Problem details: Quote exactly and only this range of lines in the data below: the line that holds "Miniatura 5 de" to the line that holds "Estante de pared", both included.

Data extract:
□ □ □ □ □ □ □
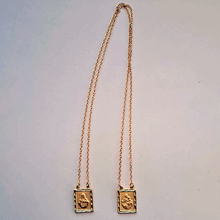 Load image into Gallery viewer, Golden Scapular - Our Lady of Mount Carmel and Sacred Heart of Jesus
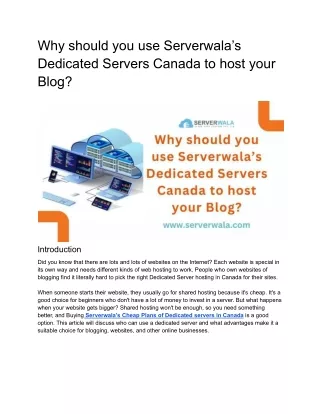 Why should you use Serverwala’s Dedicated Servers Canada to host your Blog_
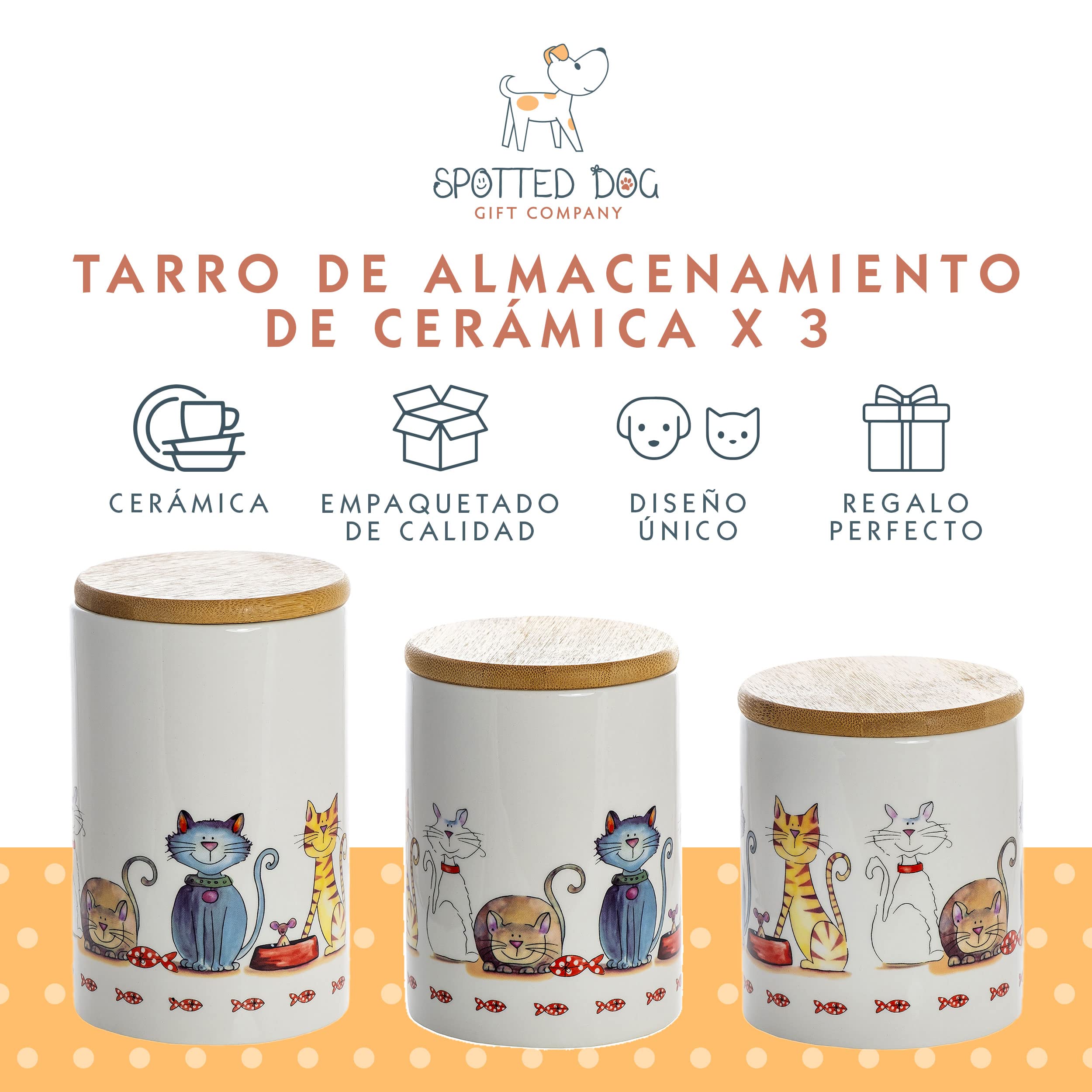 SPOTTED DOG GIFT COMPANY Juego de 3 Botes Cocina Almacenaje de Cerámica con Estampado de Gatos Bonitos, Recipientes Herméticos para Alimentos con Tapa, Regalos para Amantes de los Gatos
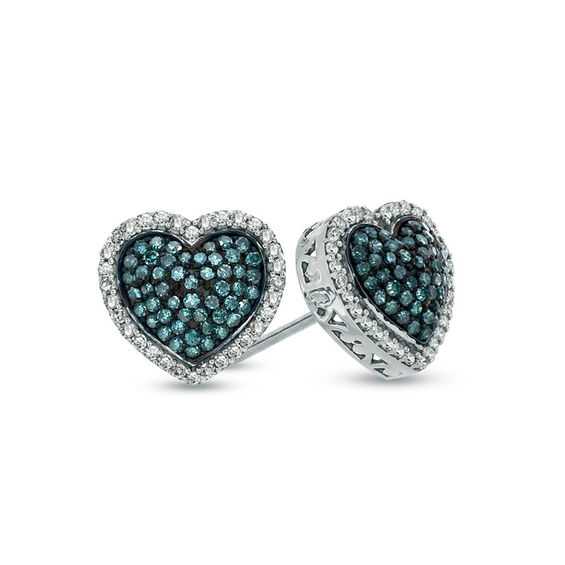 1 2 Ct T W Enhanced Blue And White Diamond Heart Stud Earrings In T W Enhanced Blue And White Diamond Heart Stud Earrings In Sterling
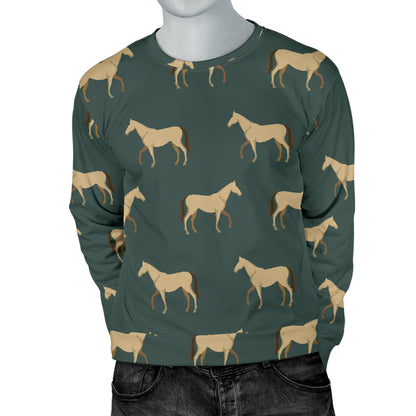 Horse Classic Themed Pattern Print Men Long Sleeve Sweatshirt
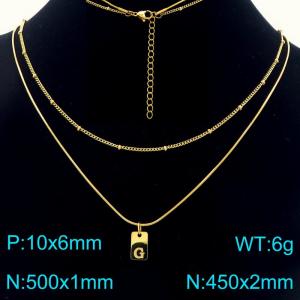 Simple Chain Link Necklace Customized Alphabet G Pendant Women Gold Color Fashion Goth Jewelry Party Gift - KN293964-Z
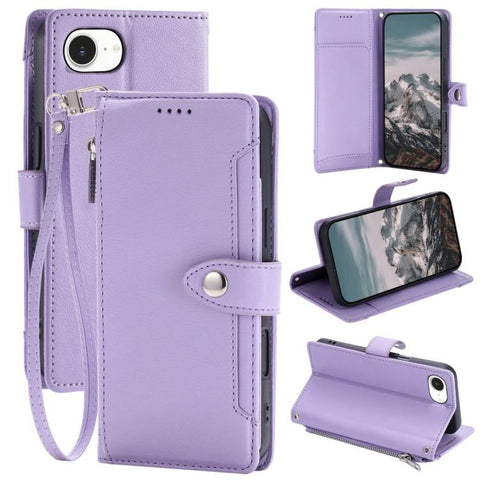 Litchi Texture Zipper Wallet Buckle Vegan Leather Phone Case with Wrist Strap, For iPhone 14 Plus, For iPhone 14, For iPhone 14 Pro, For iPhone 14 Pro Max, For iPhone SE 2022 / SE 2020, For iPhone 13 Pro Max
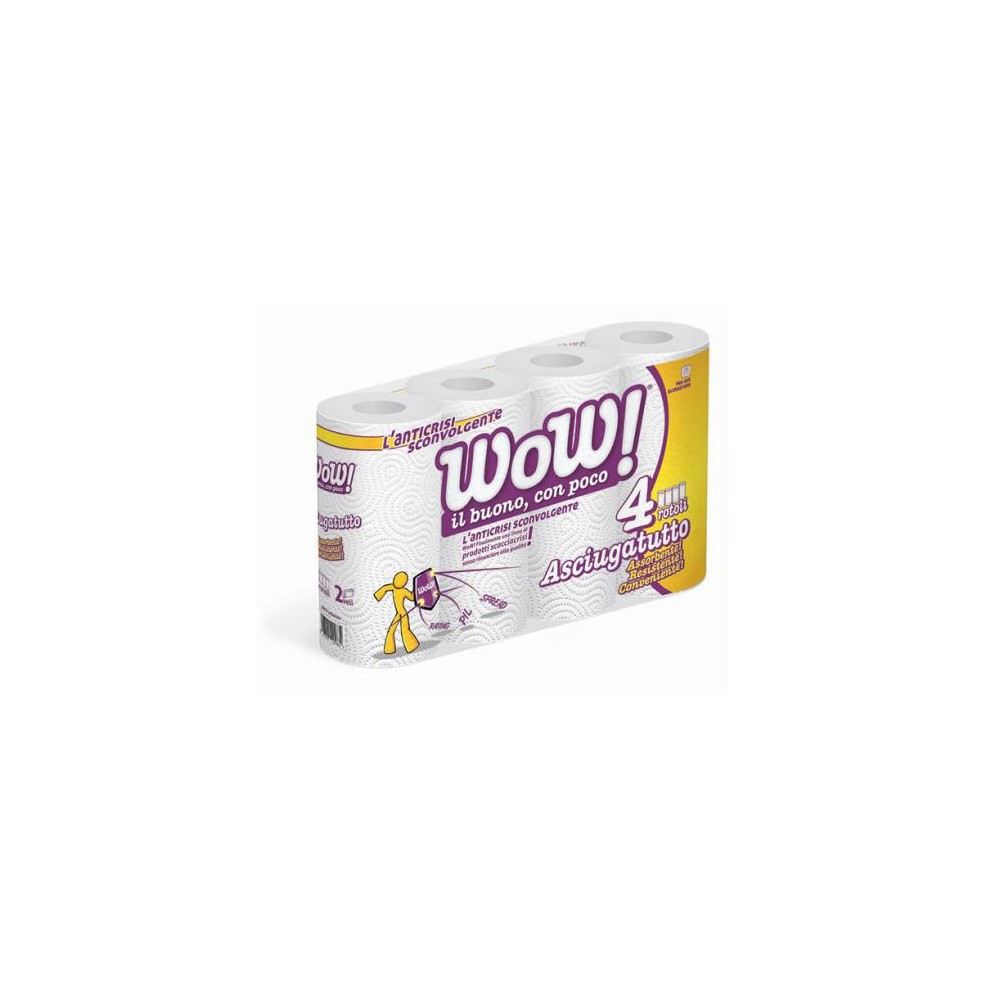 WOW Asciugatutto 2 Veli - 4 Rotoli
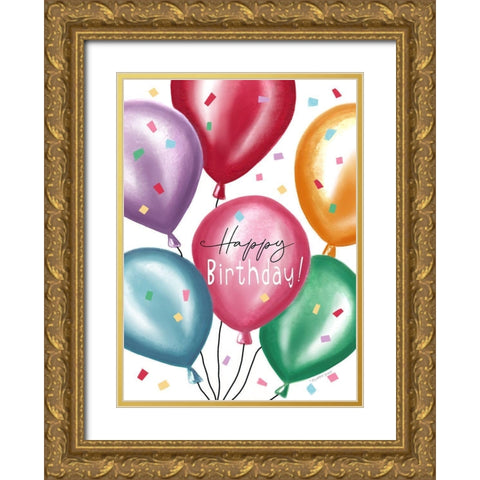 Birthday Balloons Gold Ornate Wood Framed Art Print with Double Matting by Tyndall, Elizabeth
□ □ □ □ □ □ □
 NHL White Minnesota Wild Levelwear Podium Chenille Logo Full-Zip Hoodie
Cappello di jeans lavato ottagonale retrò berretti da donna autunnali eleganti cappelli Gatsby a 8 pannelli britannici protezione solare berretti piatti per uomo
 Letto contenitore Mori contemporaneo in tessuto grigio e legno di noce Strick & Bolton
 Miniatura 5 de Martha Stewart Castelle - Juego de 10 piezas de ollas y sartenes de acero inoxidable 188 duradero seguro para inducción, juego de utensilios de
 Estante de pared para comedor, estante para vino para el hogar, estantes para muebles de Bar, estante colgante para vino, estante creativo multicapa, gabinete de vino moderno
□ □ □ □ □ □ □
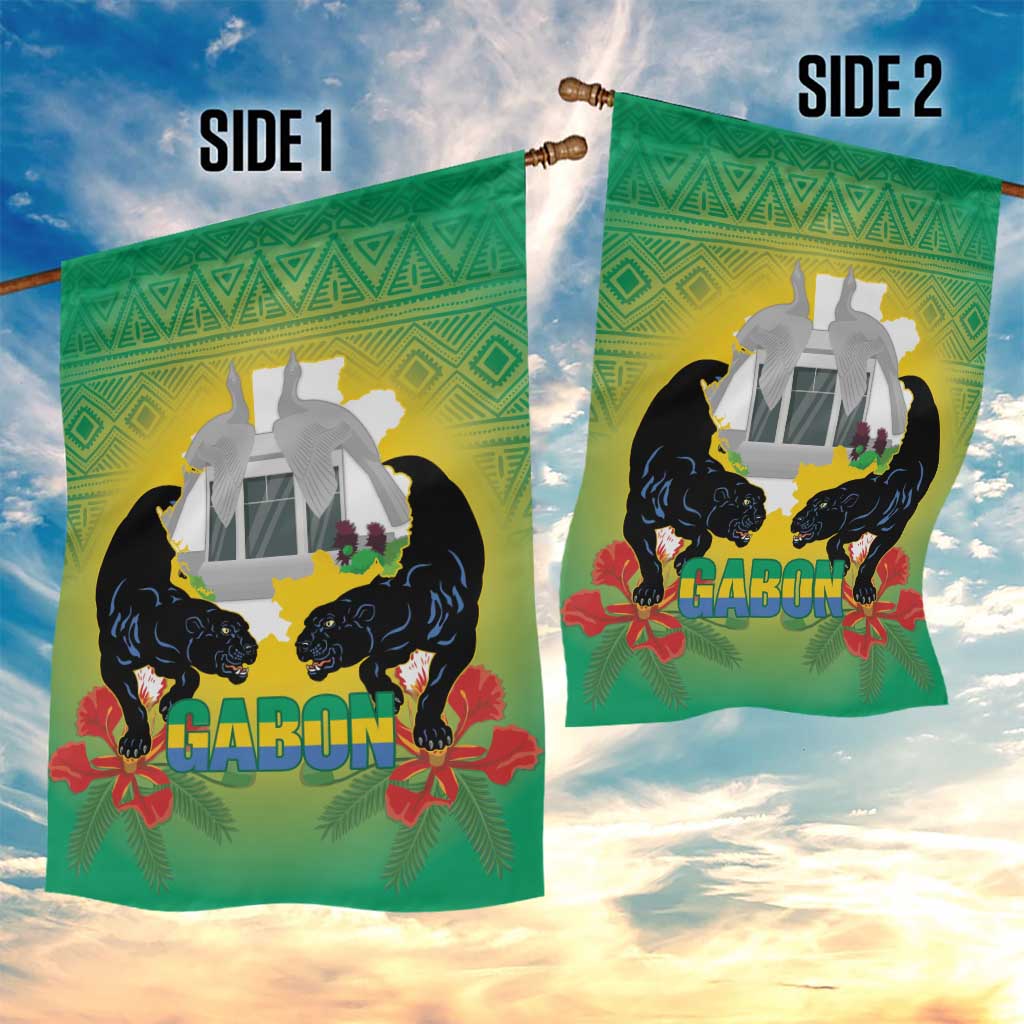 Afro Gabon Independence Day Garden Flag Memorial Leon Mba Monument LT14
□ □ □ □ □ □ □
Solved problem:
 Miniatura 5 de Martha Stewart Castelle - Juego de 10 piezas de ollas y sartenes de acero inoxidable 188 duradero seguro para inducción, juego de utensilios de
 Estante de pared para comedor, estante para vino para el hogar, estantes para muebles de Bar, estante colgante para vino, estante creativo multicapa, gabinete de vino moderno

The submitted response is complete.